1961 film by Joseph Pevney

Portrait of a Mobster is a 1961 American crime film directed by Joseph Pevney and starring Vic Morrow, Leslie Parrish and Ray Danton repeating his role as 'Legs' Diamond.

==Plot==
Up-and-coming racketeer Dutch Schultz joins the Legs Diamond gang in Prohibition-era New York. A bootlegger named Murphy is murdered by Dutch, who falls for the dead man's daughter, Iris.

Iris marries her fiancé, Frank Brennan, a police detective. They need money and Frank accepts payoffs from Dutch, who is forming a gang of his own.

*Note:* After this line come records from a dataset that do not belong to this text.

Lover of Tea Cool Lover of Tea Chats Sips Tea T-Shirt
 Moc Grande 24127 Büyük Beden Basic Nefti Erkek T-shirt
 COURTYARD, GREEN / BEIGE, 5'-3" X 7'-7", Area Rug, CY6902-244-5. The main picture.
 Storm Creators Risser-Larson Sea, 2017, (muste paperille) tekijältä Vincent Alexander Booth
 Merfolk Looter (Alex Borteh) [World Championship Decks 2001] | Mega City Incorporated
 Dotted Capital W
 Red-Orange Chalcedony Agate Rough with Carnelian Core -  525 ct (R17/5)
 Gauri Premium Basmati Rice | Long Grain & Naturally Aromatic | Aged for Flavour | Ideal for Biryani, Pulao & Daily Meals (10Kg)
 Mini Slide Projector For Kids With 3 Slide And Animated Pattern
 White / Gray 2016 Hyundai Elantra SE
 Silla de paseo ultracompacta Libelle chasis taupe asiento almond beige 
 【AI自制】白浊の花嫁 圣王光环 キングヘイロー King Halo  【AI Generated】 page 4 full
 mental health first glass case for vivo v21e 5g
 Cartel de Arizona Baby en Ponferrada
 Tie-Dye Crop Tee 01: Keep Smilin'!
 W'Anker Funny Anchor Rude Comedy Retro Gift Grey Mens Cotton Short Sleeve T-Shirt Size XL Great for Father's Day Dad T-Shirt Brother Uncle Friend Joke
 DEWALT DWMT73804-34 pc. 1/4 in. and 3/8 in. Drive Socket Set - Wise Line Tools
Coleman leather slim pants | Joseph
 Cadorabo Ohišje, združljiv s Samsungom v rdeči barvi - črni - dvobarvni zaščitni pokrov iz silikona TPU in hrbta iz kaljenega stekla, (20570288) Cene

After getting rid of Legs, Mad Dog Coll and others standing in his way, Dutch again makes a play for Iris, but she learns that he killed her father and begins to drink. Frank vows to reform and win her back. Betraying his pal Bo to the mob, Dutch discovers that a hit has been put out on himself as well. While fighting for his life, he is shot by Bo by mistake and is killed.

==Cast==

- Vic Morrow as Dutch Schultz
- Leslie Parrish as Iris Murphy
- Peter Breck as Frank Brennan
- Norman Alden as Bo Wetzel
- Robert McQueeney as Michael Ferris
- Ken Lynch as 	Lieutenant D. Corbin
- Stephen Roberts as 	Guthrie
- Joseph Gallison as 	Vincent Coll
- Frank DeKova as Anthony Parazzo
- Ray Danton as "Legs" Diamond
- Joseph Gallison as "Mad Dog" Coll
- Larry J. Blake as John Murphy
- Harry Holcombe as Capt. Bayridge
- Frances Morris as 	Louise Murphy
- Gil Perkins as Joe Murdoch
- Jon Kowal asLou Rhodes
- Arthur Tenen as 	Steve Matryck
- Eddie Hanley as 	Matty Krause
- Joe Turkel as Joe Noe
- Anthony Eisley as Legal Advisor
- Poncie Ponce as Master of Ceremonies

==Production==
Filming started December 1960.

==Score==
Howard Jackson compiled the score from White Heat and four other Max Steiner scores.
==Reception==
Variety said schultz "emerges as a hollow figure".